OK, let's get started. I'm really excited to have Sam Zeloof here with us today. We've been covering Sam's homebrew ICs for a while now, and it's great to have him for a realtime chat.
Welcome, Sam! Can you maybe kick things off with a little about yourself?
Hello everyone :-)
We're using a laser writer for making the masks
The funny thing: The guy making the masks has also the English name Sam, but he's Chinese :D
Sure! My name is Sam, i'm a second year student in college now and a little over 2 years ago I started acquiring and building the equipment needed to make ICs at home
"Lanzendörfer" sounds like a very traditional Chinese surname ;-)
Last april I succeeded in making a diff amp chip, PMOS, with ~150um gate size and I've been improving things since then to now fab <5um ICs
https://hackaday.com/2017/02/25/the-fab-lab-next-door-diy-semiconductors/
The Fab Lab Next Door: DIY Semiconductors
You think you've got it going on because you can wire up some eBay modules and make some LEDs blink, or because you designed your own PCB, or maybe even because you're an RF wizard. Then you see that someone is fabricating semiconductors at home, and you realize there's always another mountain to climb.
ICYMI
I'm not Chinese, I just was looking for a job opportunity to build cool hardware ;-)
I'm originally from Switzerland
Hi Sam
hi adam
So how did your first year of college go?
I'm not familiar with your project, but I'm guessing you are working with Si substrate. Where are you sourcing it?
hi sam, biggest question where do you get your photoresist?
Pretty well, lots of work overall but I had some great experiences and was lucky enough to start working on other stuff right away. Outside of classes, I am working in the nanofab there and have started my own lab in that department to develop new fab tools and processes. Not much info on that yet but hopefully soon I can talk more about it, make a website, etc
https://www.universitywafer.com/
Yup, Si substrate. you can get small quantities on ebay or hereSam: Our lambda is 500nm at the moment
January we'll get access to an actual fab with a lambda of 250nm!!

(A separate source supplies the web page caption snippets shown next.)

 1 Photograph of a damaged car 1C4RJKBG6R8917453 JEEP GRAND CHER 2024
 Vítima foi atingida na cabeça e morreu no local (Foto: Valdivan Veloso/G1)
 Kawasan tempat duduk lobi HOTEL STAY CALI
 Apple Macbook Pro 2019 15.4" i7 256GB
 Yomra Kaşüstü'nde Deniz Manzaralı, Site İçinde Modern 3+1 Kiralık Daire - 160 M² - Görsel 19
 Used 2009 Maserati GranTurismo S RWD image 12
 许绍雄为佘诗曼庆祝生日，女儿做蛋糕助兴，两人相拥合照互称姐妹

thethoughtemporium ! I saw one of your recent youtube vids and was going to reach out and offer you some photoresist, but couldn't find a contact button on your YT page. In the beginning I used PCB resist from Aliexpress (i think) but if you live in the US most companies will give out samples of their resists. Other than that, make friends in the industry...

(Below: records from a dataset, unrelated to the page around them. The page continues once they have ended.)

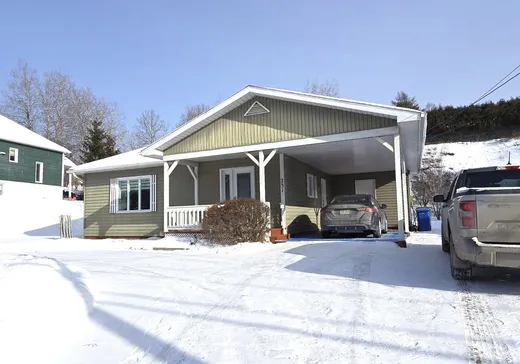 Maison à étages à vendre - 231 Rue St-Jacques N., Causapscal, G0J1J0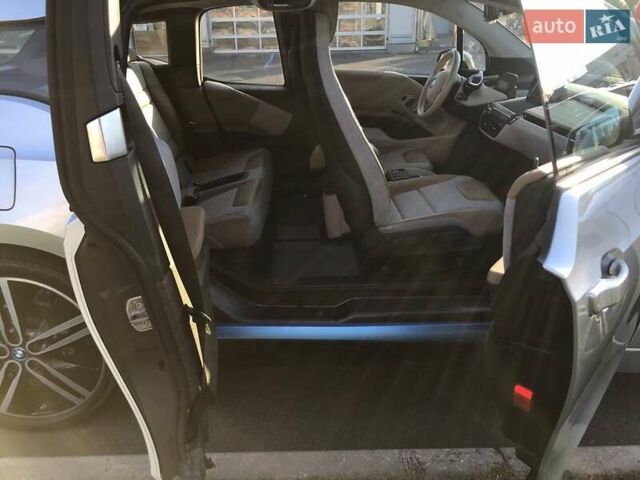 Сірий БМВ І3, об'ємом двигуна 0.65 л та пробігом 75 тис. км за 16000 $, фото 26 на Automoto.ua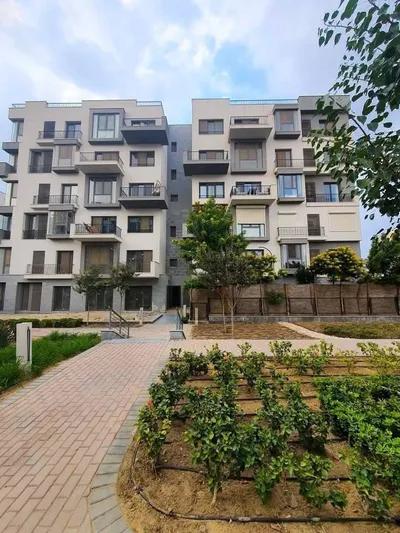 شقة للبيع في أكتوبر بلازا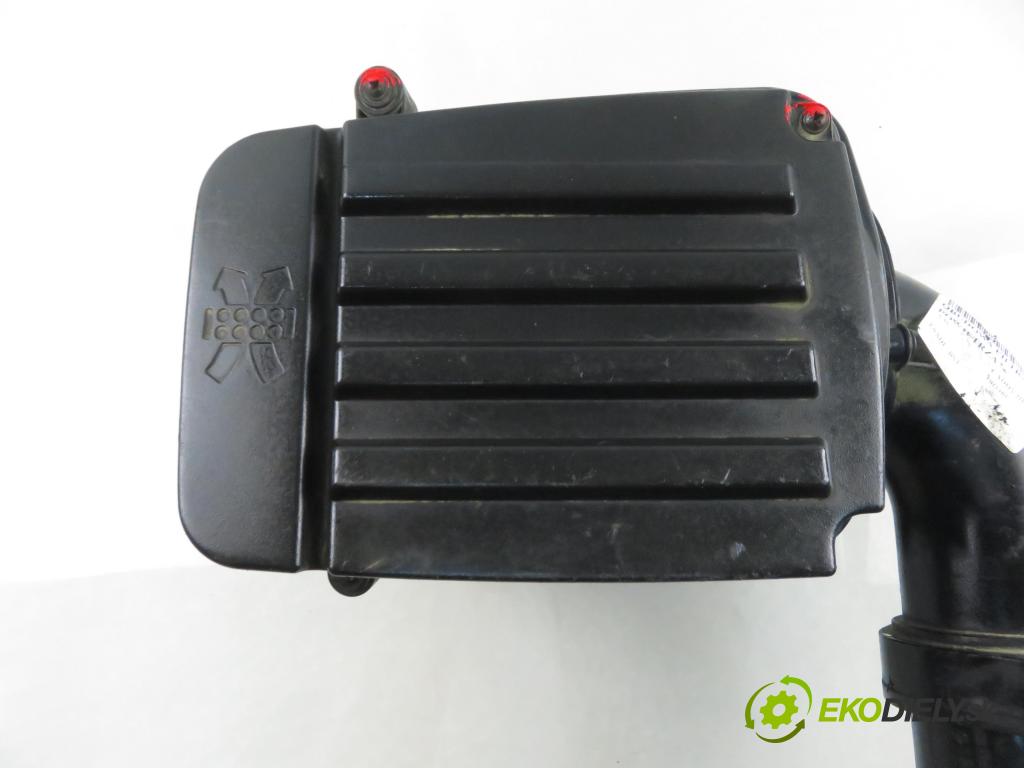 VW CADDY III Variant (2KB, 2KJ, 2CB, 2CJ) FURGON 2008 51,00 2.0 SDI - BST 1968,00 Obal filtra vzduchu 1F0129607 ; 1K0129610 (Obal vzduchového filtra)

The entire PDK and process flow will be published online
am i able to purchase one of your homemade ic's
I'm guessing you are working with already doped wafers?
Yeah, at the moment 4 inch, pdoped, single side polished, prime wafers, but the process is designed
haday, yup. Commonly for NMOS circuits you start with a p-type bulk doped wafer, and the opposite is true for PMOS. For CMOS, you can start with either but commonly p doped are used, then to make P channel devices you implant a N-type well
in a way, that you just have to recalculate the dose for the nwell and pwell
Exactly, Sam!
Ya pcb resist is just about all I can find. getting su-8 or similair seems to be a monumental task which seems silly considering. Was worried the answer was gonna be "make friends in the industry". Which evidently it is.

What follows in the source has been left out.